LTC runs grades of Martensite up to 1300, which become more hardened with forming. “It’s almost like a spring steel, where it has a memory, and consequently because the material has those characteristics, you can’t typically use traditional metal-forming methods like stamping, because it’s prone to cracking,” Senkowski explains.

The solution is roll-forming the steel gradually through a linear-fed line of roll passes or roll dies. “There are many instances where we have to overbend or overform the part to achieve the final shape required by the customer,” Senkowski declares. “You almost have to overbend it 50 percent just to get it to come back to where we ultimately need it.”

Only a handful of companies can form these types of parts, Senkowski maintains. “One of the advantages we have is we build our own tooling,” Senkowski points out. “So we have a tremendous amount of experience in developing tool processes to make Martensite products.”

GM’s steel suppliers have developed two stronger, lighter grades of Martensite – 1500 and 1700. “GM tasked LTC with developing tooling processes to manufacture that material,” Senkowski reports. “So it’s nice when your customer comes to you and looks for assistance.”
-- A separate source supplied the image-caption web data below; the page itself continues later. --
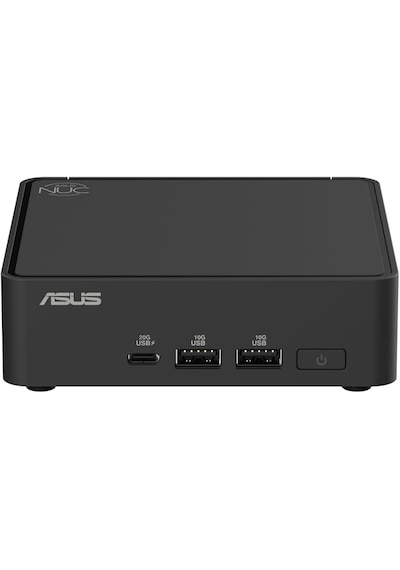 Asus Nuc15 Pro RNUC15CRKC700002 Core 7 240H  Free Dos Barebone Mini Pc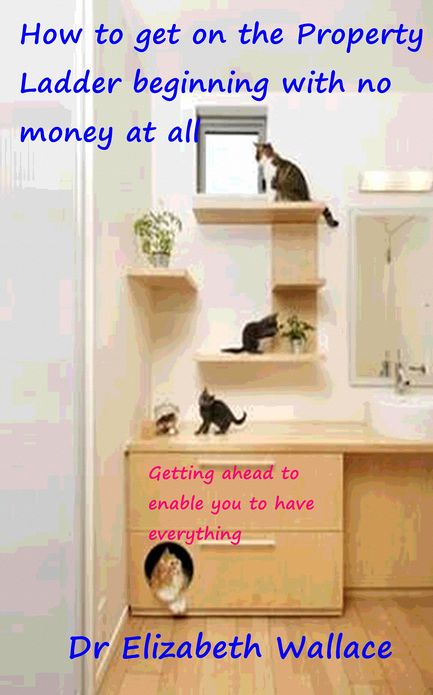 How To Get On The Property Ladder Beginning With No Money At All: Getting Ahead To Enable You To Have Everything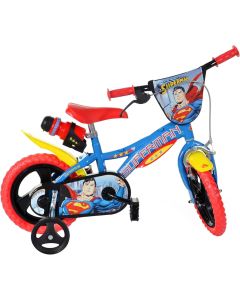 Dino Bikes Kinderfiets Superman 12 inch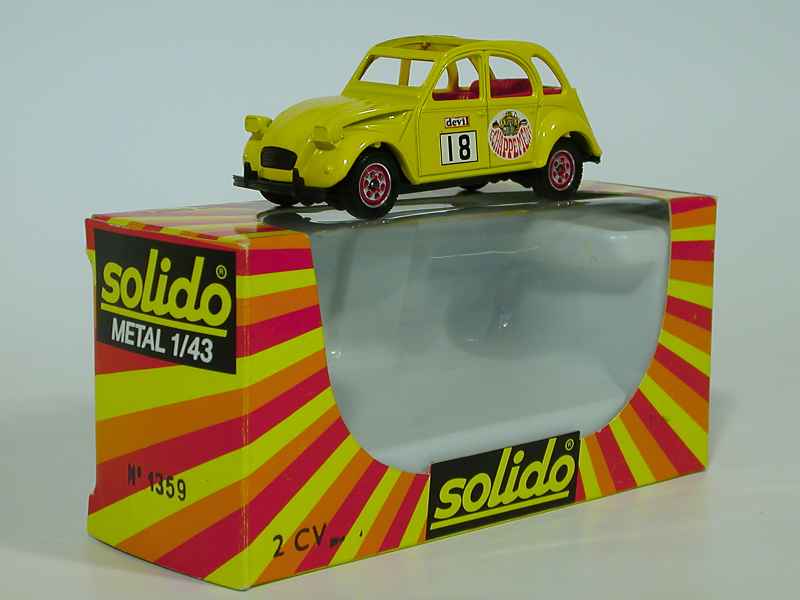 Décalcomanies 1/43 Citroën 2CV Cross JA Miniatures - Neuf - Pour Modèles Réduits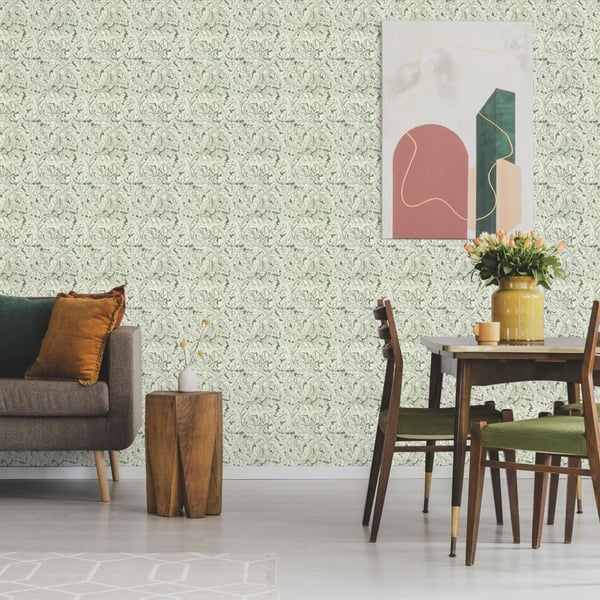 Clarke & Clarke Acanthus -tapetti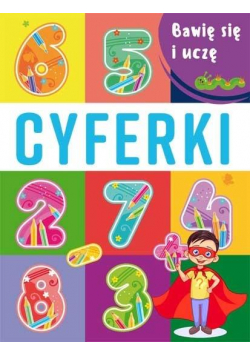 Bawię się i uczę. Cyferki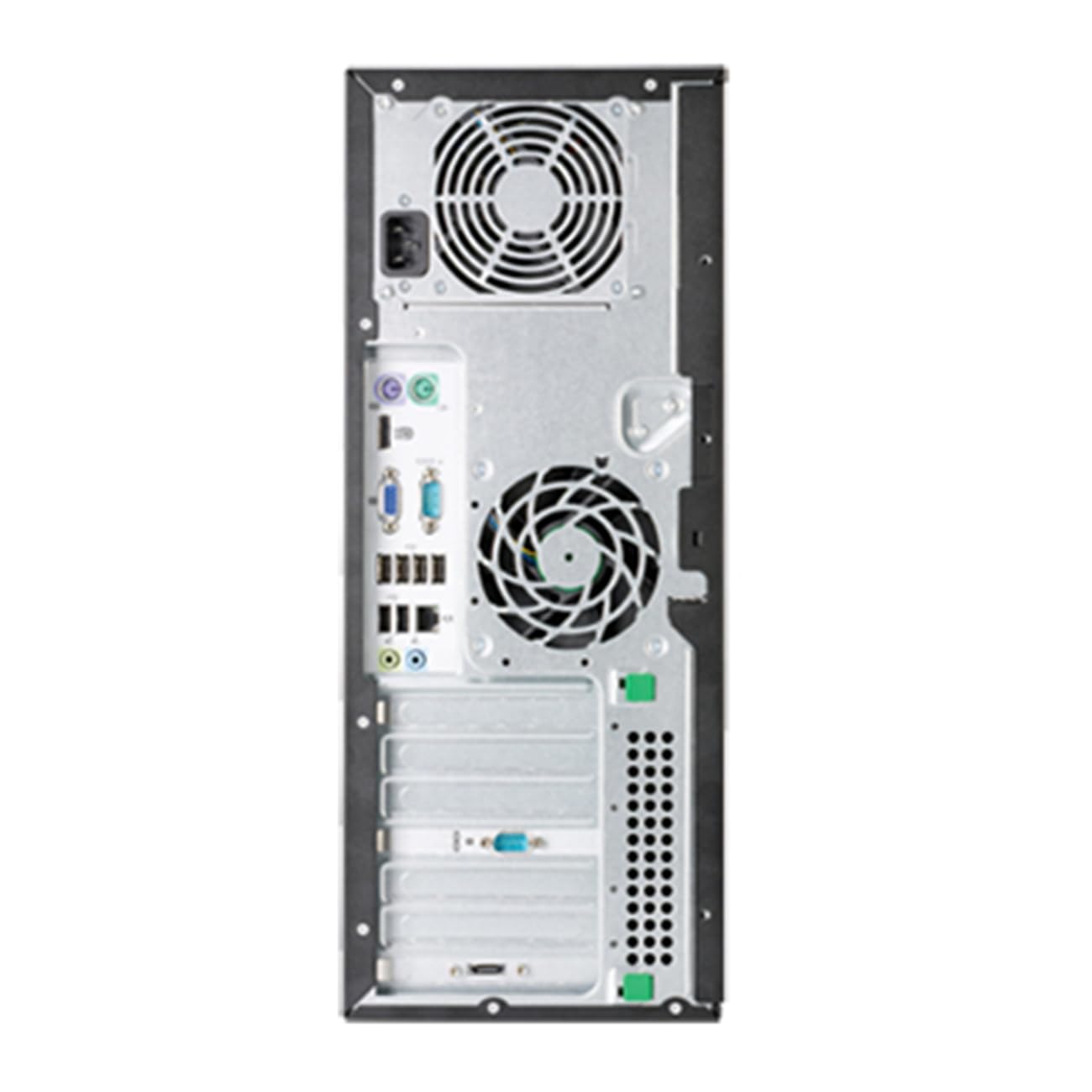Refurbished HP Compaq Pro 6300 Desktop Computer PC | Intel Core i3 3rd | Win 10 Pro - Newjaisa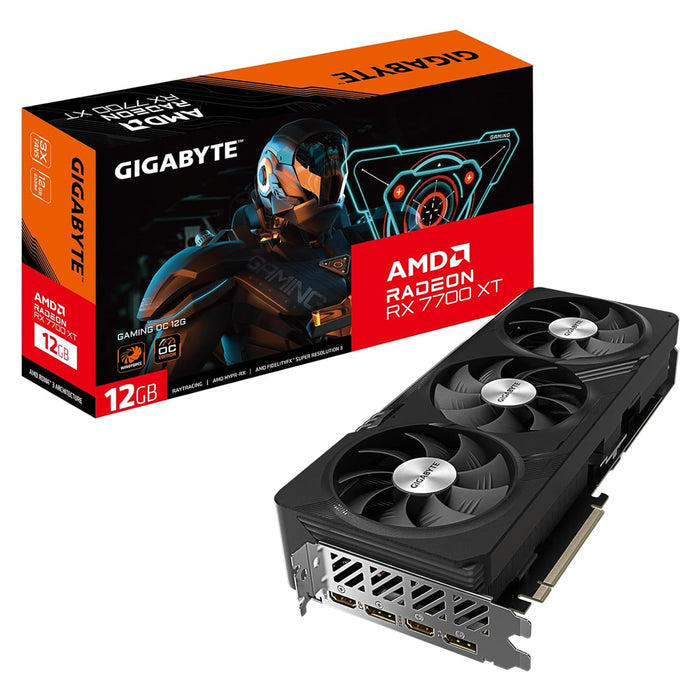 Gigabyte Radeon RX 7700 XT Gaming OC 12GB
LTC even has developed a method of flattening out the waviness or oil-canning of the Martensite. “That is proprietary,” Senkowski stresses. “It’s something LTC developed; no one else in the industry has it. It drives GM crazy – they’d like to know more about it, but we won’t let them have it.”

Auto Industry Emphasized

LTC Roll and Engineering’s business is centered 100 percent on the automotive industry. It will be installing several pieces of new equipment in its facilities to better serve this client base. “We have purchased a new rolling mill that is going to be the largest-size capacity that we’ve ever had, and also introducing to LTC a new process called induction welding,” Senkowski says. “What we’re going to be manufacturing for our new customer, Metalsa, is a structural tube truck frame component for the Ford Expedition and Lincoln Navigator out of a heavy-gauge, 4 mm-thick high strength steel.”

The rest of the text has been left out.